Este sábado Vidal no estuvo en cancha, pero igual disfrutó, igual celebró el título 27 del Bayern Munich en el campeonato teutón, segundo en su cuenta personal en la Bundesliga desde que, tras la final de la Champions League de 2015 con Juventus, aceptó la propuesta de irse a jugar al cuadro de Munich, uno de los gigantes del viejo continente junto a Real Madrid, AC Milán, Liverpool y Barcelona.

Vidal gritó campeón otras vez, por undécima vez en su periplo europeo, por cuarta en Alemania y décimo séxta en una carrera plagada de éxitos desde que debutó en el profesionalismo con Colo Colo.

Se reitera, no jugó hoy, pero Vidal fue clave en el andamiaje del cuadro de Carlo Ancelotti esta temporada.
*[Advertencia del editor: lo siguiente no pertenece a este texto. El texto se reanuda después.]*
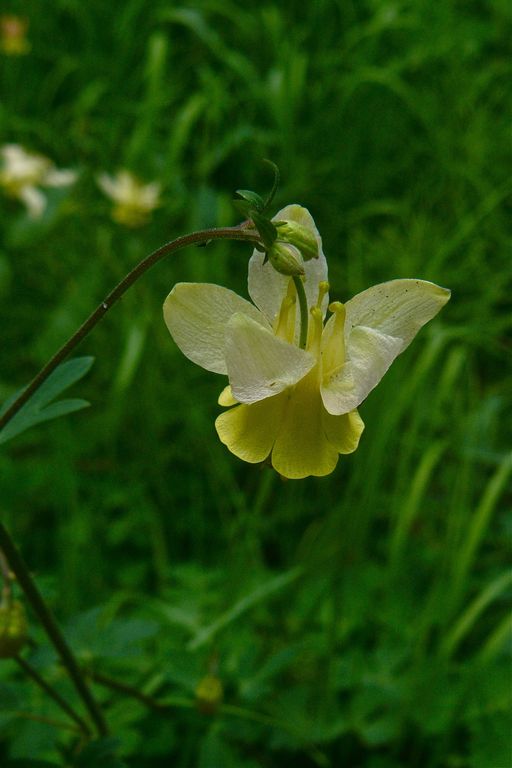 Aquilegia flavescens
Se trata de la quinta liga al hilo para los bávaros y la segunda para el chileno.

Con la de este sábado son 11 coronas en Europa, el chileno más ganador de todos los tiempos en tierras donde antes escasamente había chileno, y en las que sólo habían brillado, no destacado, Iván Zamorano y Marcelo Salas como jugadores, y Fernando Riera y Manuel Pellegrini como técnicos.

Vida supera ya supera a Marcelo Salas y Alexis Sánchez, quienes se anotan con 9 copas en Europa. De todas éstas, 7 son con la Juventus y las otras 4 con el Bayern, su actual equipo.

En total, en su palmarés, Arturo Vidal tiene tres títulos nacionales con Colo Colo, dos Copa América con Chile, más siete títulos con Juventus y cuatro con Bayern. Un monstruo, un rey, como le dicen desde hace rato.